To be fair, there is nothing innately wrong with a story like this. It is less that half an hour, and not meant for complex storytelling. It is possible to consider Alice as a woman who knows exactly what she wants and chooses Lem regardless. She could have agency and choice. This is but one show, after all.

It carries that that mindset, though. I can feel it being read that way. I can hear the nice guys around too many gaming tables I have left shaking their heads. Hell, I may even see shades of my younger self in this mindset which is disappointing to say the least. In the end, the story of choosing love and following your heart is universal, and not every character need be fully developed to still have impact. I am a fan of cyberpunk, and I don’t hate the story of Love is Download. It is clumsy but sweet. This is not a critique of a show, but of the imaginary that sleeps beneath it. Within that imaginary, which grew up in the midst of the 90s, her character can be read in exactly that way.

The stories we tell

That is what made this episode so intriguing to me.
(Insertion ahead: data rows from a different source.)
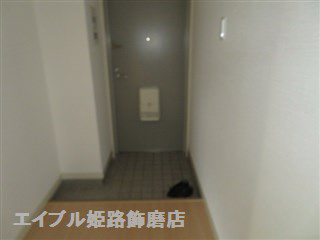 野里寺町中村コーポの玄関写真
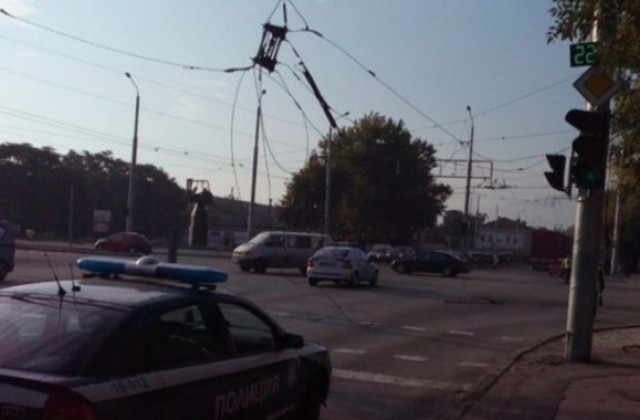 Пак паднаха тролейбусни жици! Затвориха част от бул. Санкт Петербург в Пловдив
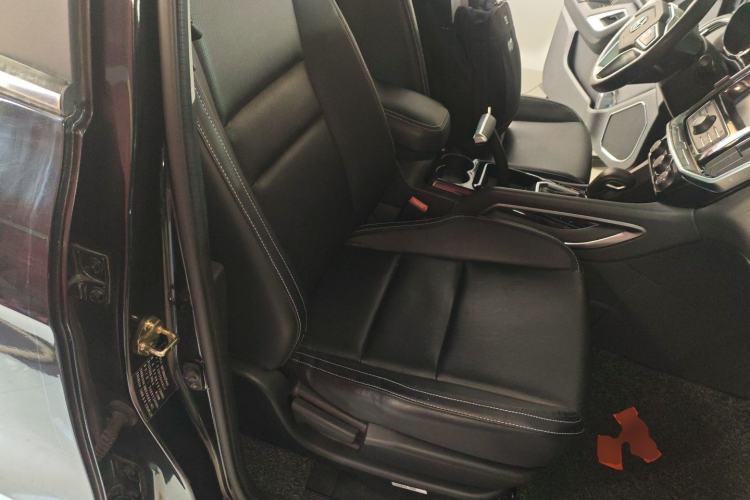 Used JMC Yusheng S350 2016 2.0T Automatic Two-Wheel Drive Gasoline Ultra-Luxury 7-Seater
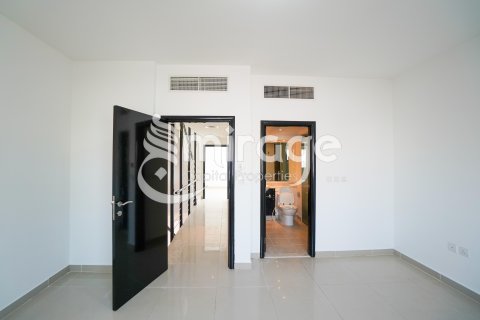 Rumah bandar di Al Reef, Abu Dhabi, UAE 3 bilik tidur, 174.1 meter persegi № 574592 - foto 6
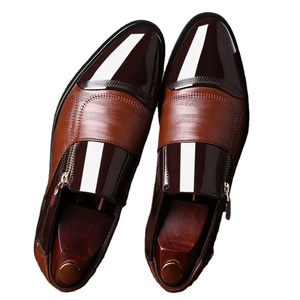 Chaussures Oxford en cuir formelles pour hommes XuanWu, à bout pointu, à enfiler, légères, respirantes, avec semelle intermédiaire en caoutchouc, pantoufles décontractées d'automne - Product Image 1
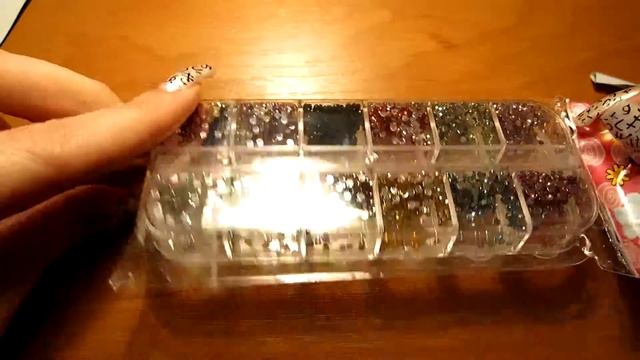 Посылка с Aliexpress. Пластиковые (пластмассовые) разноцветные стразы. Китайские штучки. смотреть онлайн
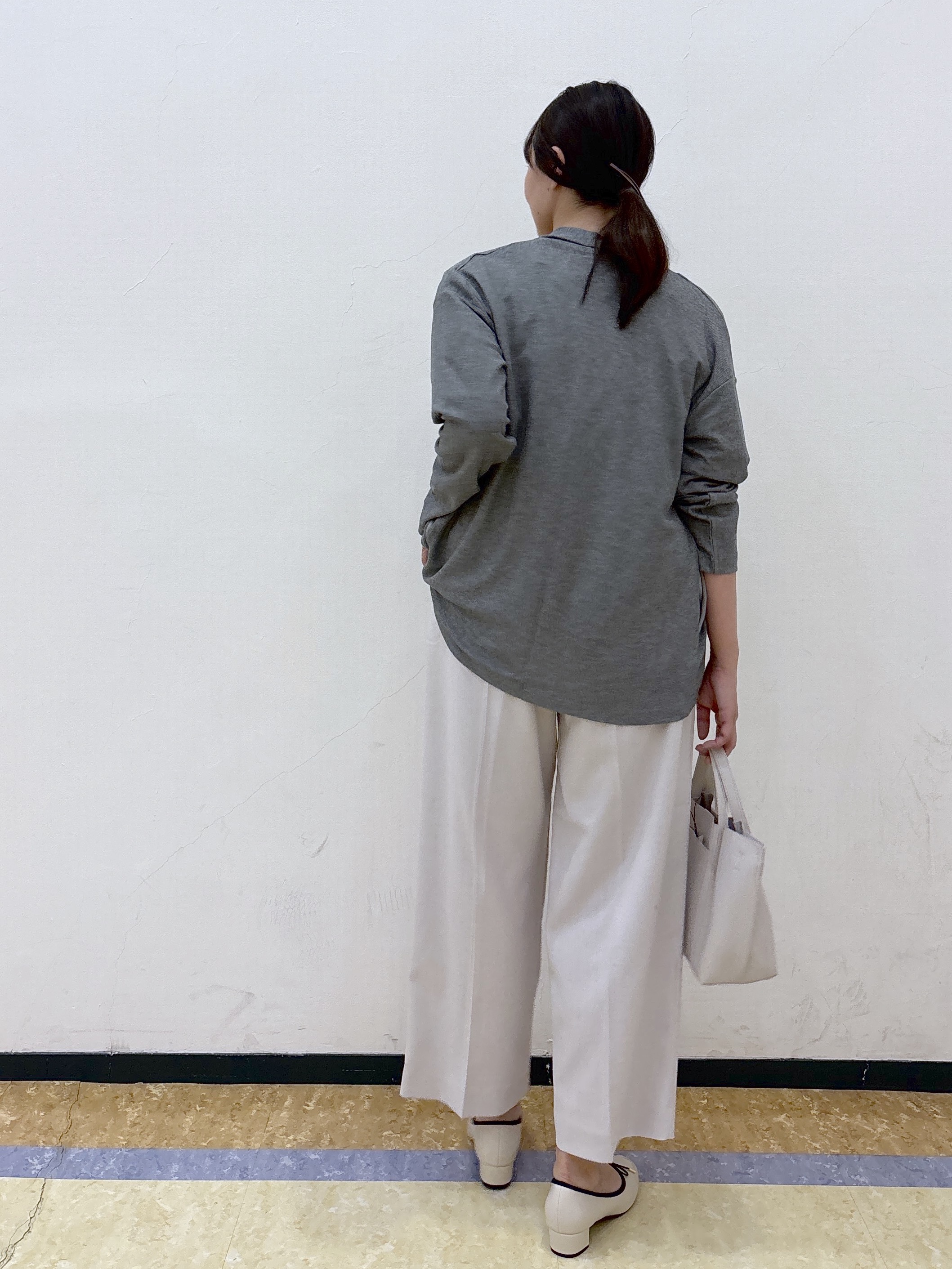 akariさんの「index｜【UVケア】ひんやりカーディガン《接触冷感／洗濯機OK》」を使ったコーディネート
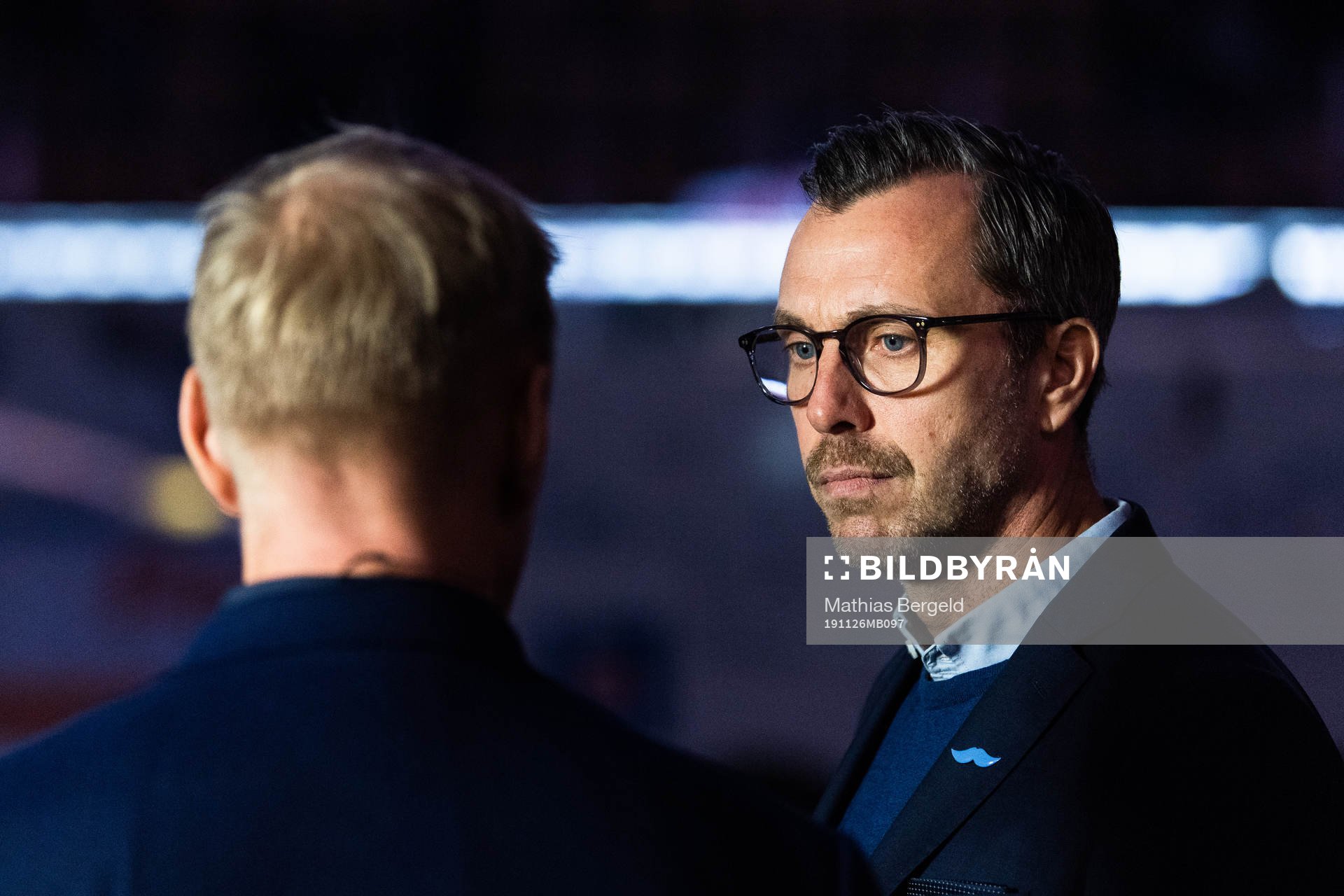 Cmores Niklas Wikegård intervjuar HV71s Sportchef Johan
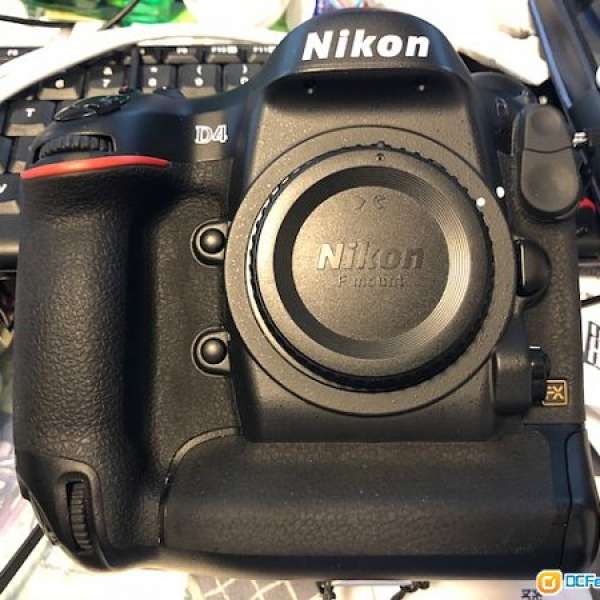 Nikon D4 90% New 3粒原廠電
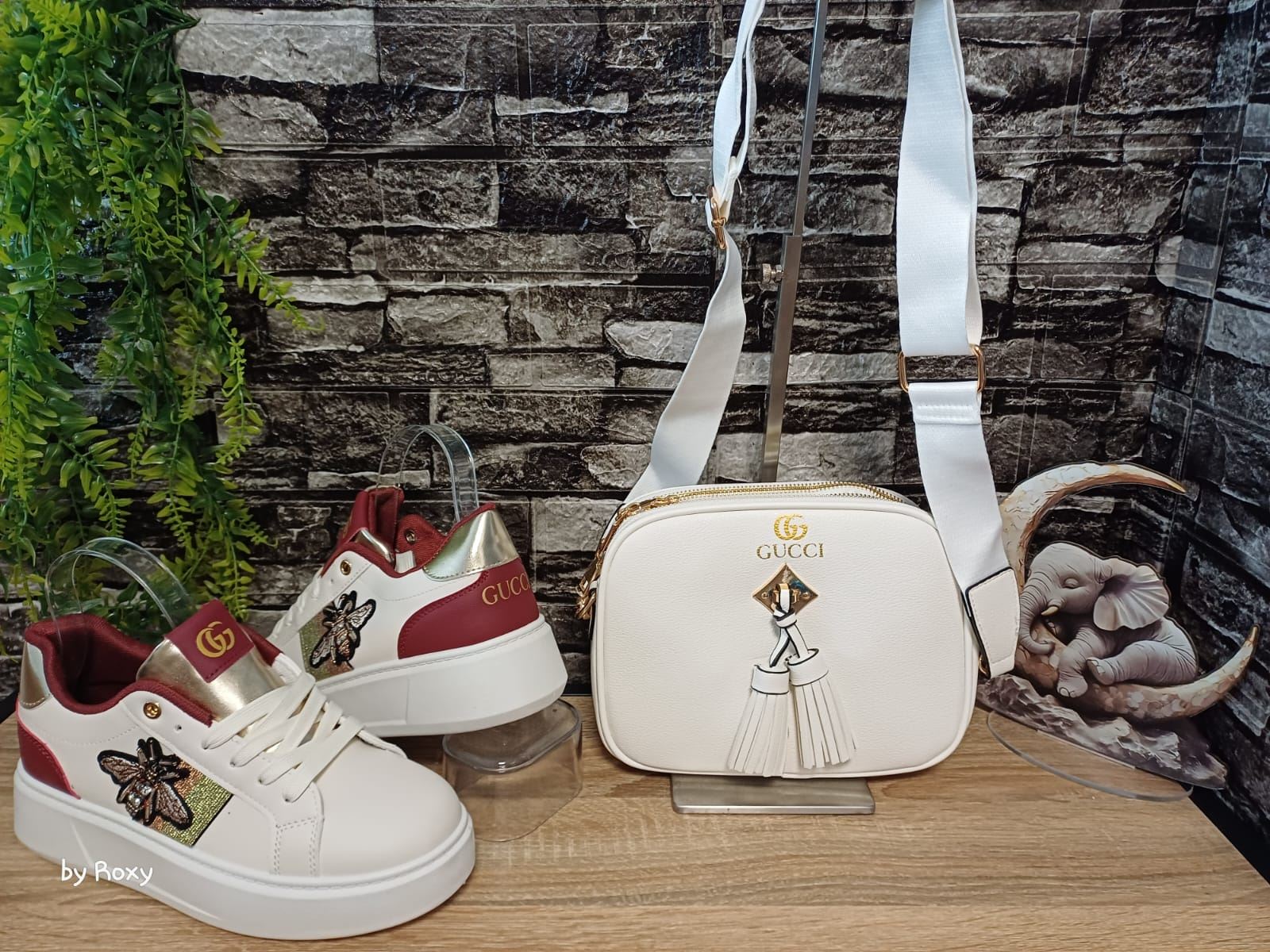Conjunto zapatillas y bolso Gucci - Imagen 2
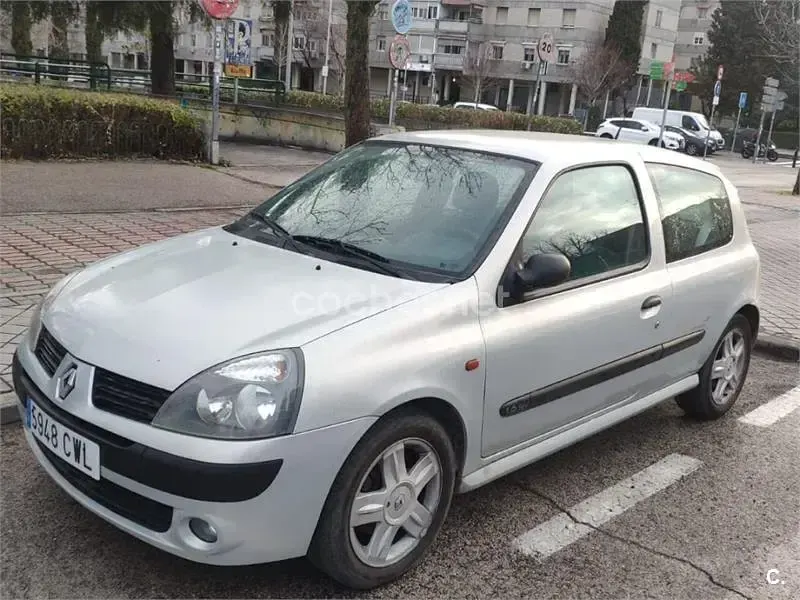 Usado Renault Clio II Extreme 110 CV (80 kW) 2004 Gris / plata Berlina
It encapsulates a growing Internet imaginary like that of John Perry Barlow that imagines cyberspace as its own independent space outside of physical control while ignoring the paradox of its absolute dependence on that physical space. It is an imaginary of those steeped in privilege that pretend to rebellion, but really just wants the keys of social control in their hands. By and large, they have it.

Now those of us who remain, who still see the magic in the machine, are tasked with the creation of a new imaginary. One that doesn’t do away with physical desire or digital fantasy, but that melds that with the physical realities in which we all must contend.